* TASK DETAILS *
I would like the entries transcribed word for word, please, with the pictures removed.

* EXTRACTED MATERIAL *
· · ·

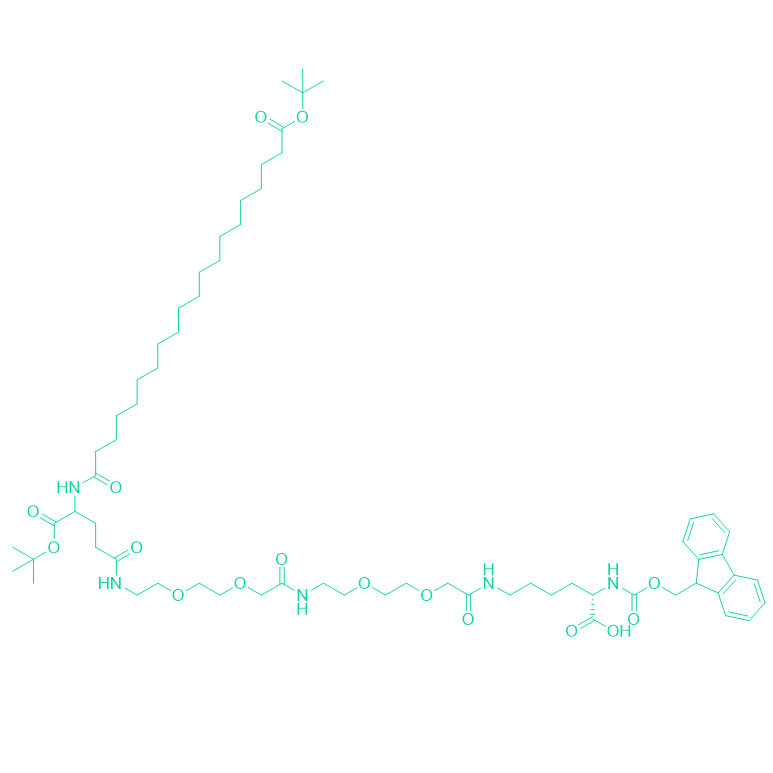 替尔泊肽侧链/2460751-66-8；2915356-76-0/Fmoc-L-Lys[C20-OtBu-Glu(OtBu)-AEEA-AEEA]-OH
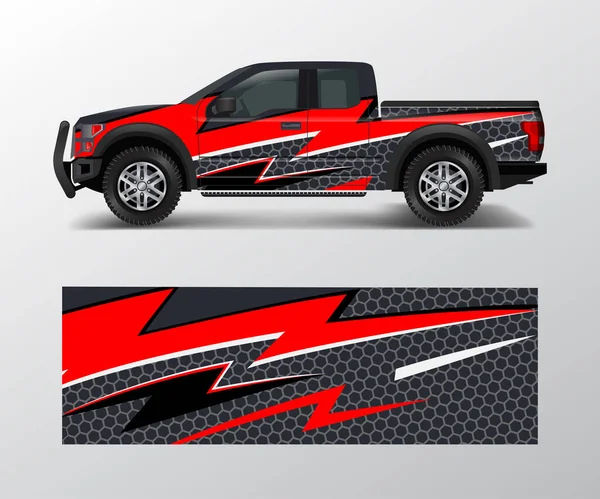 Truck Cargo Van Wrap Vector Car Decal Wrap Design Graphic — Stock Vector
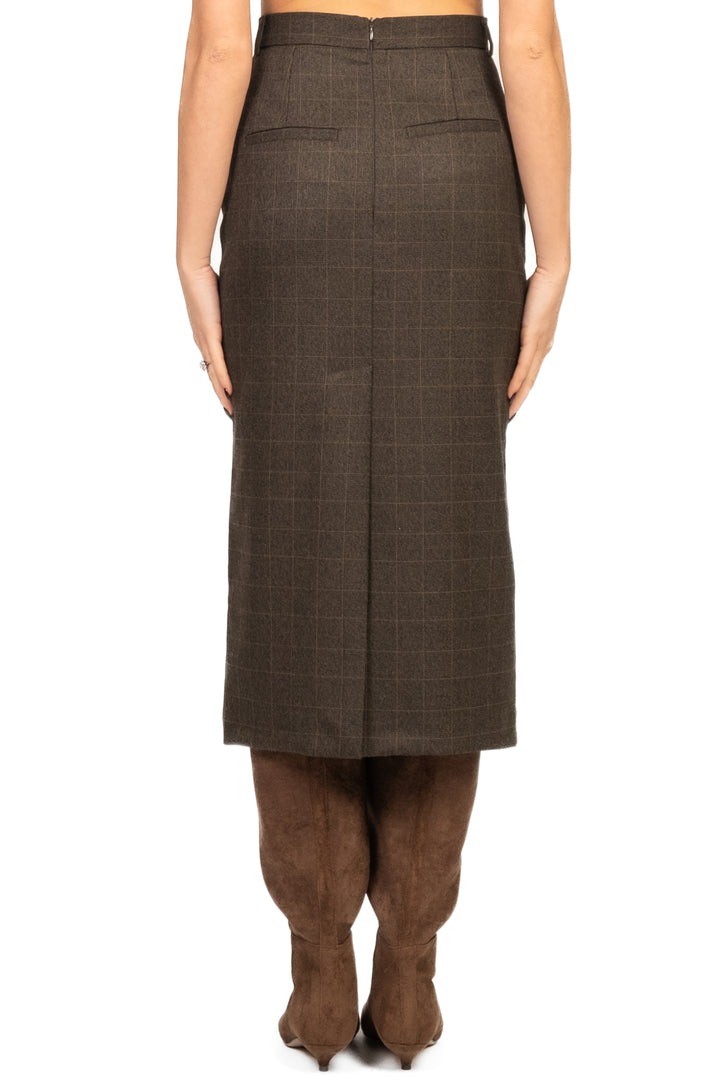 Vicolo - Gonna longuette a quadri Art. TF1656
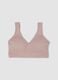 Pink stretch-fabric bra with removable padding_0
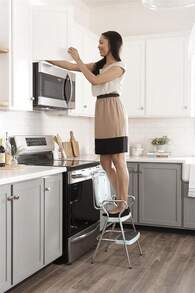 Stylaire Retro Chair + Step Stool With Flip-Up Seat, Teal - Màu tím  Violet - Xem 5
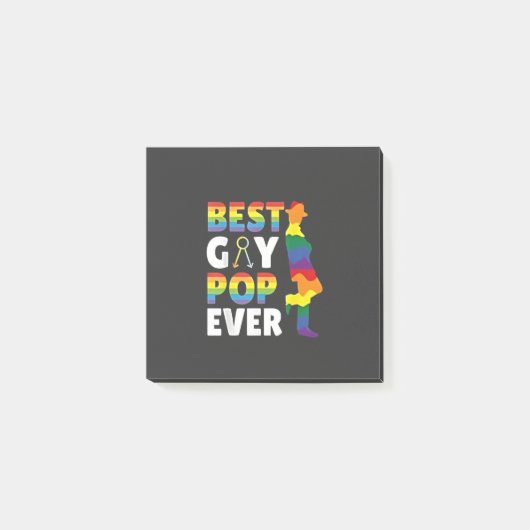 Beste Gay Pop Ooit LHBT Pride Maand Opa Pap Post-it® Notes (Voorkant)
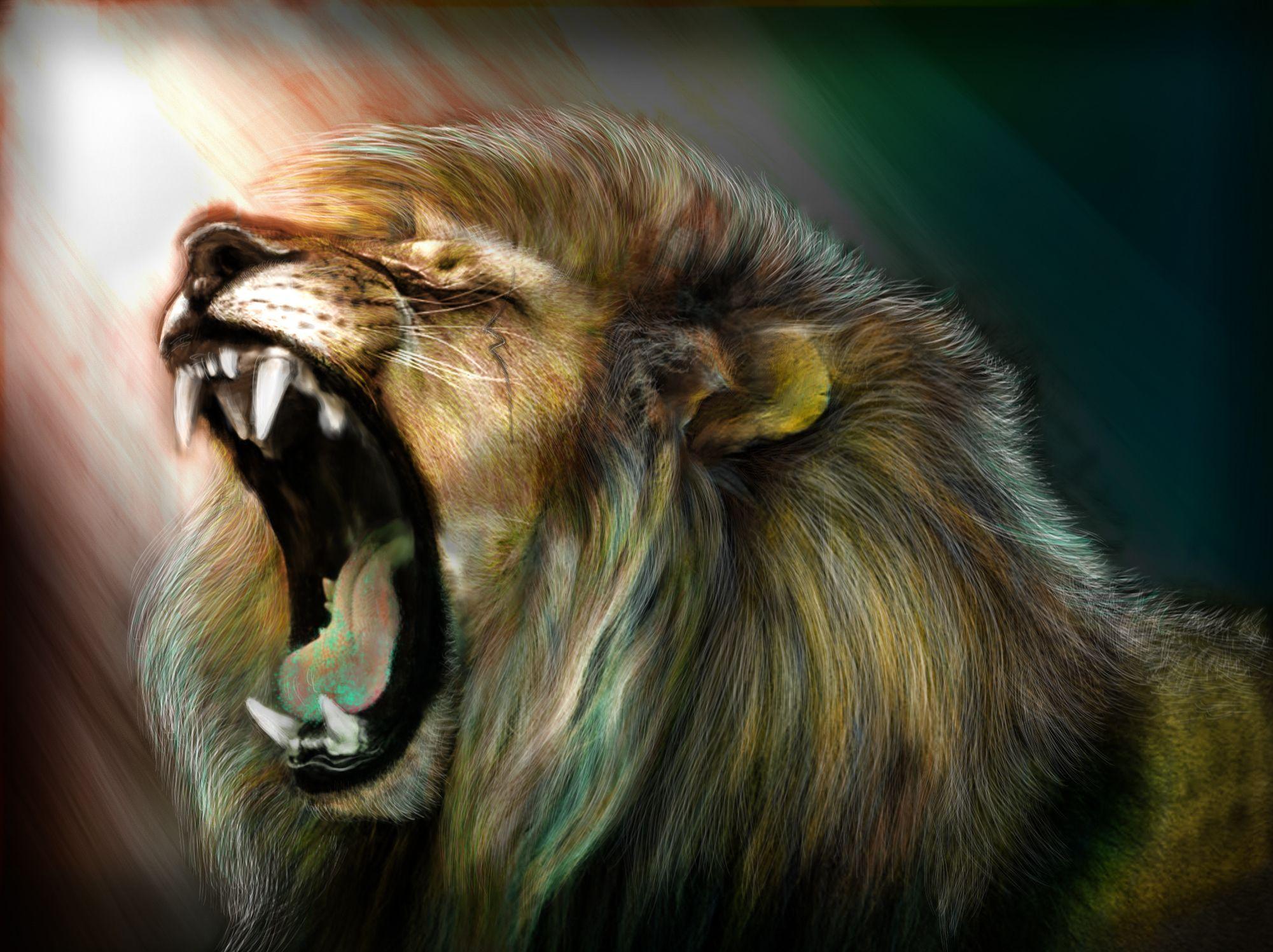 Lion roar wallpapers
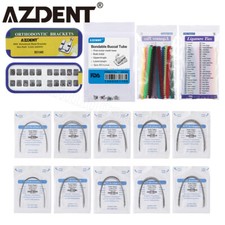 AZDENT Dental Orthoc Bracket Roth 022/Arch Wires/Elastic Ligature/Buccal Tube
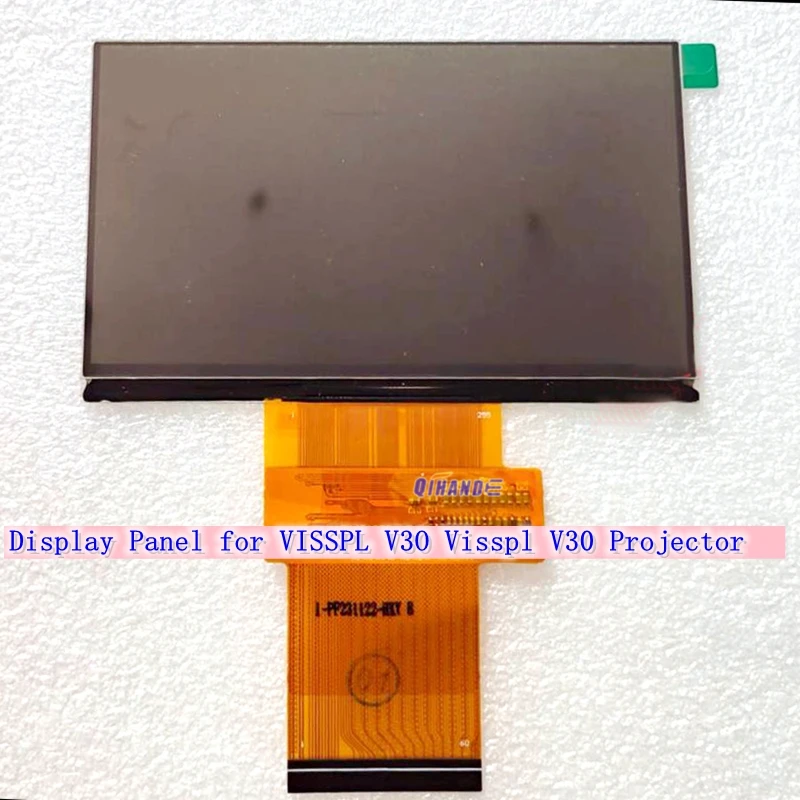 New LCD Screen Display Panel for VISSPL V3O Visspl V30 Projector 4K Mini Home Smart Projector Diy Parts 107.4 x 61.4
New LCD Screen Display Panel for VISSPL V3O Visspl V30 Projector 4K Mini Home Smart Projector Diy Parts 107.4 x 61.4
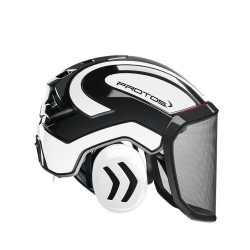 CASQUE INTEGRAL ARBORIST VISIERE F39 Noirblanc 319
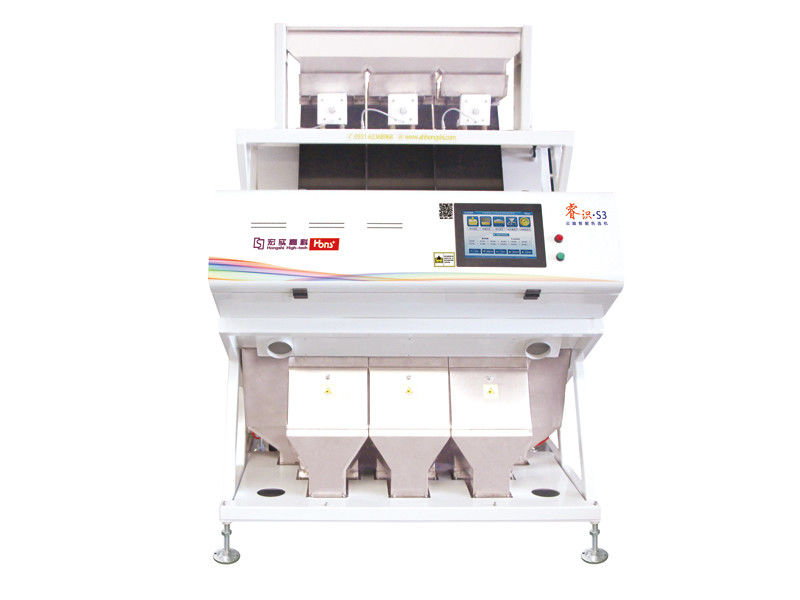 Automatic Recycle CCD Corn Sorting Machine 3 Channels Any Sort Color Sorter
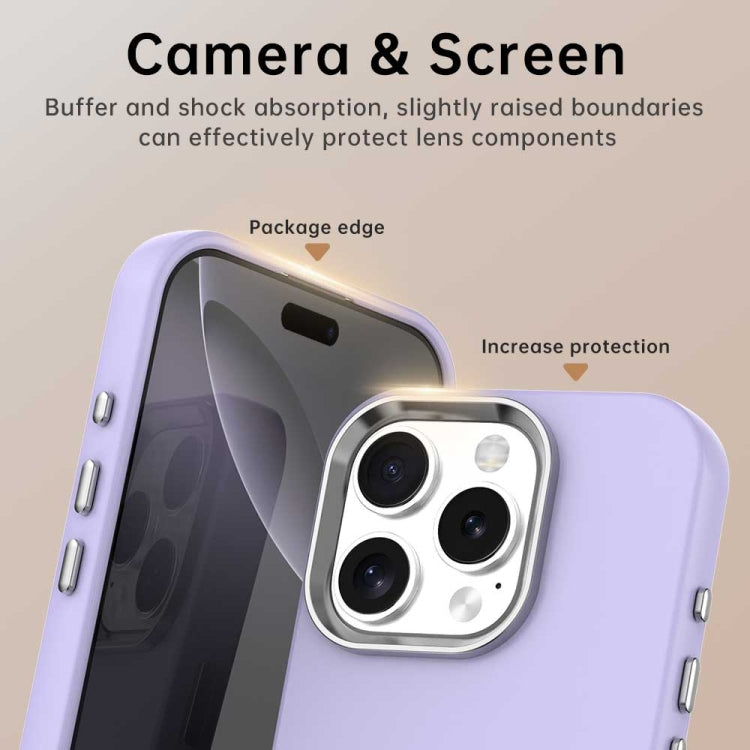 Funda para Teléfono iPhone 16 Pro Serie Colorida a Prueba de Golpes (Morada)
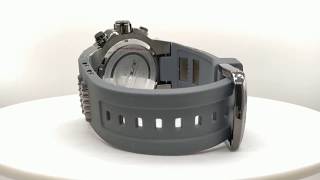 Invicta Bolt Dial Negro Crono Silicona Gris 25467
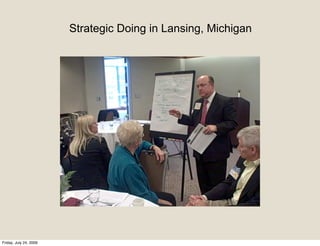 Strategic Doing in Lansing, Michigan




Friday, July 24, 2009
 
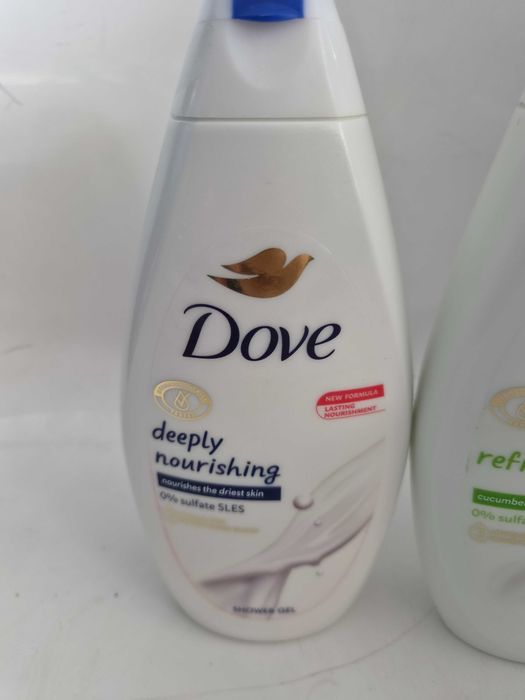 1 бр-4.99€ 2 бр-6.99€ Dove душ гел 450мл, 2 аромата  Description:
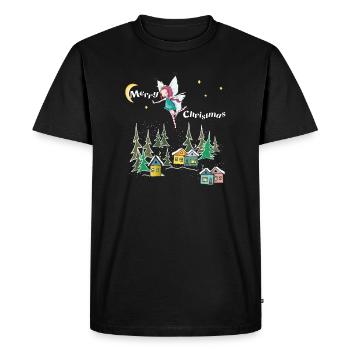 Noël - T-shirt Premium bio Homme - noir - Devant - Nico (187cm)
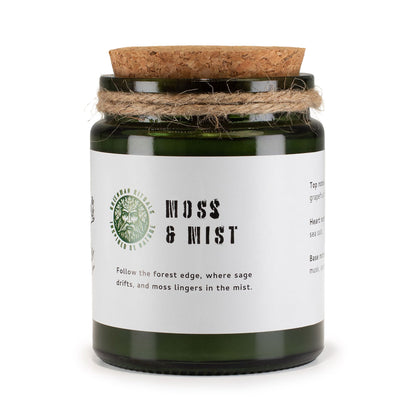 Candle jar labeled &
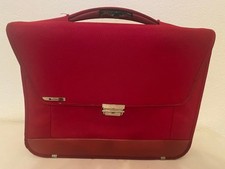 Valigia 24 ore vintage Delsey in tessuto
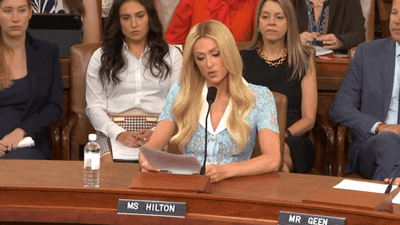 Image for story: Paris Hilton champions child welfare reform and oversight in Capitol testimony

· · ·

* SOLUTION TO THIS PROBLEM *
 替尔泊肽侧链/2460751-66-8；2915356-76-0/Fmoc-L-Lys[C20-OtBu-Glu(OtBu)-AEEA-AEEA]-OH
 Truck Cargo Van Wrap Vector Car Decal Wrap Design Graphic — Stock Vector
 Vicolo - Gonna longuette a quadri Art. TF1656
 Pink stretch-fabric bra with removable padding_0
 Stylaire Retro Chair + Step Stool With Flip-Up Seat, Teal - Màu tím  Violet - Xem 5
 Beste Gay Pop Ooit LHBT Pride Maand Opa Pap Post-it® Notes (Voorkant)
 Lion roar wallpapers
 AZDENT Dental Orthoc Bracket Roth 022/Arch Wires/Elastic Ligature/Buccal Tube
 New LCD Screen Display Panel for VISSPL V3O Visspl V30 Projector 4K Mini Home Smart Projector Diy Parts 107.4 x 61.4
New LCD Screen Display Panel for VISSPL V3O Visspl V30 Projector 4K Mini Home Smart Projector Diy Parts 107.4 x 61.4
 CASQUE INTEGRAL ARBORIST VISIERE F39 Noirblanc 319
 Automatic Recycle CCD Corn Sorting Machine 3 Channels Any Sort Color Sorter
 Funda para Teléfono iPhone 16 Pro Serie Colorida a Prueba de Golpes (Morada)
 Invicta Bolt Dial Negro Crono Silicona Gris 25467
 Strategic Doing in Lansing, Michigan




Friday, July 24, 2009
 
 1 бр-4.99€ 2 бр-6.99€ Dove душ гел 450мл, 2 аромата  Description:
 Noël - T-shirt Premium bio Homme - noir - Devant - Nico (187cm)
 Candle jar labeled &
 Valigia 24 ore vintage Delsey in tessuto
 Image for story: Paris Hilton champions child welfare reform and oversight in Capitol testimony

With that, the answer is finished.